Ho For Kansas!
After the conclusion of the Civil War and Reconstruction in the late 1870s, it became clear to many Black southerners that, while slavery had been abolished, oppression, poverty, and violence persisted.
Many migrated to northern cities, where jobs and opportunities were more accessible. Others hoped to move West, where they could build communities – by Black Americans for Black Americans – from the ground up. There, they hoped to partake in a self-determined, agrarian way of life, outside of the systemic racism that was built into the fabric of almost every already established town and city in the nation.
Against this backdrop, two men – W.H. Smith, a Black reverend, and W.R. Hill, a white land developer from Indiana – founded the Nicodemus Town Company in order to promote the town to former slaves who lived and labored in the green fields of Kentucky and Tennessee.
Flyers about Nicodemus were dispersed to Black communities in the region. For just $5, residents could purchase a plot of land.
By early summer in 1877, several families had become the first settlers in the community, and by the end of the summer over 300 train tickets were purchased for a ride out west. Families packed what they could carry and boarded trains headed to Ellis, Kansas, the closest railroad station to Nicodemus. From there, settlers loaded up on wagons to travel 35 miles north to Nicodemus.

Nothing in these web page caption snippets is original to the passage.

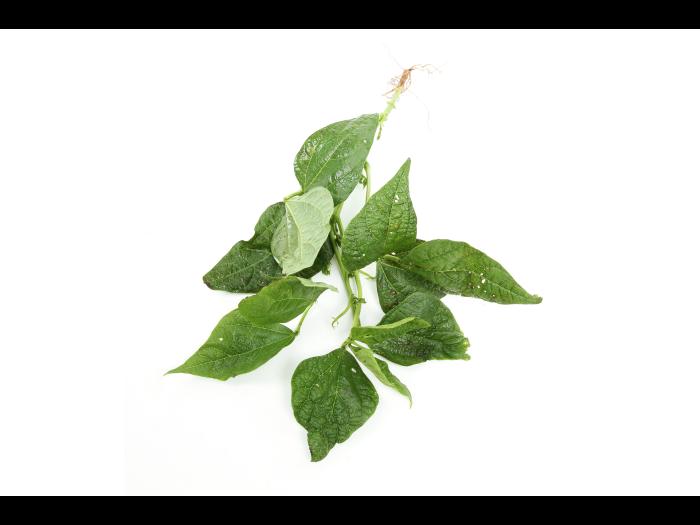 Haricot - Virus de la mosaïque du soja (SMV)_5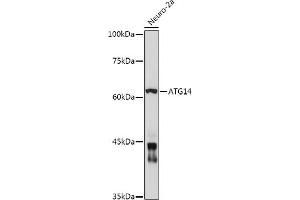 Western blot analysis of extracts of Neuro-2a cells, using  antibody (ABIN6131258, ABIN6137246, ABIN6137247 and ABIN6223428) at 1:1000 dilution. (ATG14 antibody  (AA 1-310))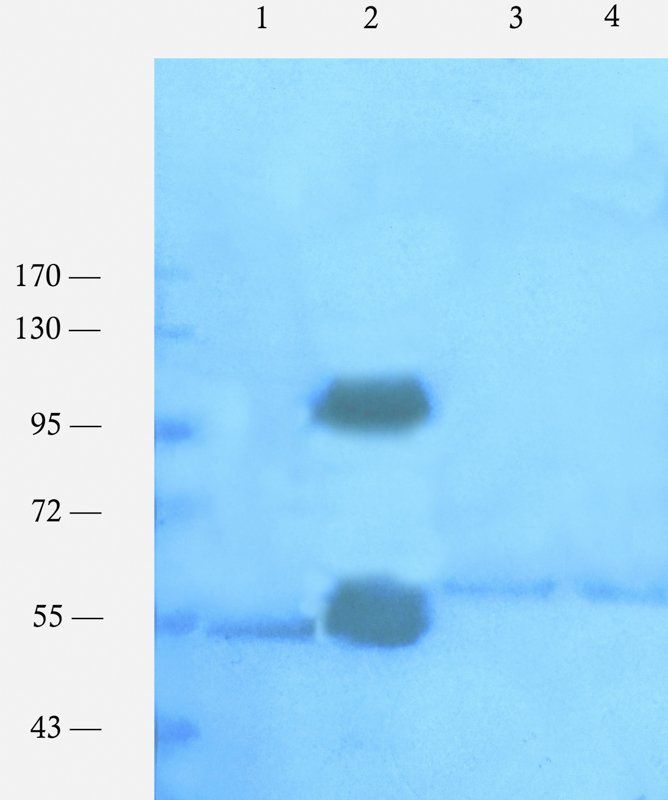 Nrf2 antibody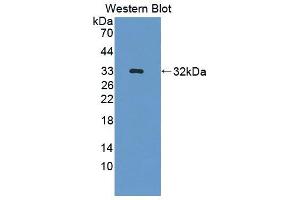 Western Blotting (WB) image for anti-Protein tyrosine Phosphatase, Non-Receptor Type 7 (PTPN7) (AA 52-314) antibody (ABIN5014227)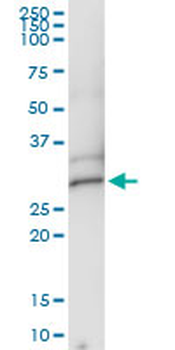 DCK MaxPab rabbit polyclonal antibody (D03)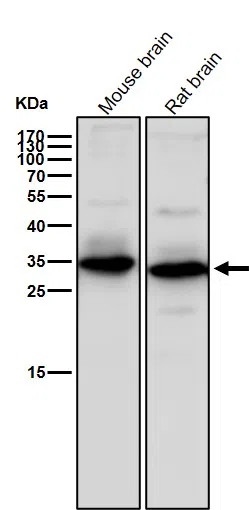 WNT2 Rabbit Monoclonal Antibody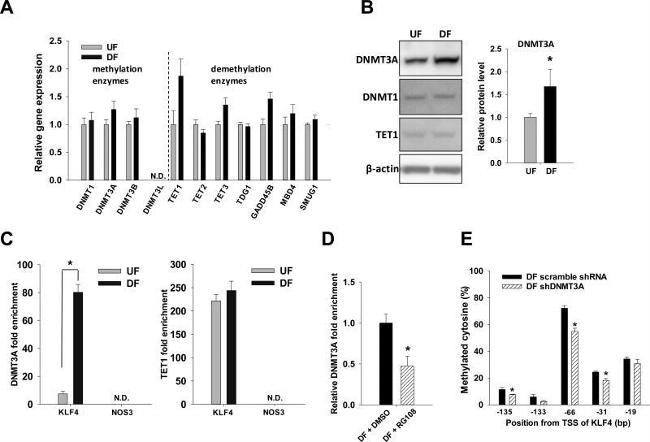 TET1 Antibody in ChIP Assay (ChIP)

Nicodemus was framed as the “Promise Land” and the “Western Eden,” with rich soil and an enjoyable, mild climate. Anyone who has ever spent a winter or summer on the plains could tell you this is an exaggeration. After arriving, many of the settlers were disappointed. The land was nothing more than a treeless, dry prairie.

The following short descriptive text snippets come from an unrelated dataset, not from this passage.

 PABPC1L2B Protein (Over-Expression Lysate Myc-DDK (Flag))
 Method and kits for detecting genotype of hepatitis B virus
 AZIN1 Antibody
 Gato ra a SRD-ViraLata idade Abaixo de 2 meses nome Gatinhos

A sign from the historic site bears the following exchange:
“Where is Nicodemus?” settler Willna Hickman asked her husband Daniel upon arrival.
“That is Nicodemus,” he responded, pointing to several billows of smoke rising from underground dugouts.
The first winter was especially hard. Without any lumber, tools, or supplies residents were forced to make do by carving additional dugouts into the Kansas sod. Many only survived with the help of the Prairie Band Potawatomi Nation, who provided meat, supplies and indigenous wisdom for surviving a harsh winter on the plains.
Despite these conditions, Nicodemus quickly became a bustling farming community of 700-800 residents. Each of the town’s businesses — which included several general stores, hotels, delivery companies, implement companies, doctors’ offices, churches, a school, a bank, and two newspapers, the Western Cyclone and the Nicodemus Enterprise — were established, owned, and operated by members of the community.